Localized scleroderma is more common in children. In adults, it affects women more often than men. It can appear between the ages of 20 and 50. It is characterized by one or more hard, oval-shaped, whitish or darkened patches of skin.
This condition can affect many parts of the body, such as the skin, blood vessels, digestive system, heart, lungs, kidneys, muscles and joints. Thirty percent of people with scleroderma have this type. Systemic sclerosis may be classified as either limited or diffuse. This kind affects the skin on the face, fingers and hands, and lower arms and legs. For many people, the first symptoms of systemic sclerosis are Raynaud’s phenomenon and puffy fingers, which can begin several years before other symptoms. If internal organs are involved, it tends to be mild.

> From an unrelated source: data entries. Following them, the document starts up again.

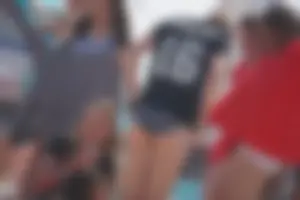 A group of teens in bikinis on the beach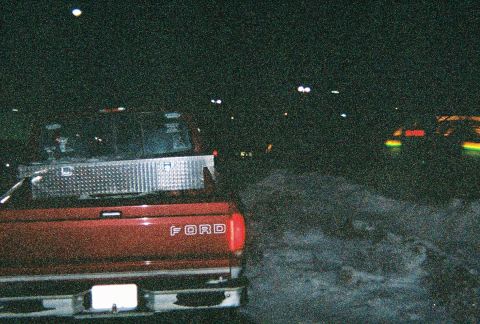 1996 Ford F-150 - Rear view of a 1996 Ford F-150 pickup truck at night, equipped with a toolbox.
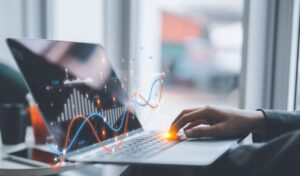 man looking at graphs on computer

However, some people experience severe Raynaud’s phenomenon, gastrointestinal problems or serious effects on the lungs. Some patients with limited scleroderma also have CREST syndrome. CREST is an acronym using the first letter of five conditions: calcinosis, Raynaud’s phenomenon, esophageal dysmotility, sclerodactyly and telangiectasia. It may affect any part of the body, especially the hands, arms, thighs, chest, abdomen and face.
Itching, decreased flexibility and pain can also occur. Diffuse scleroderma may affect the blood vessels, heart, joints, muscles, esophagus, intestines and lungs. The severity of internal organ involvement varies. Kidney problems may lead to high blood pressure and, if untreated, kidney failure. Lung damage is the leading cause of death with this condition.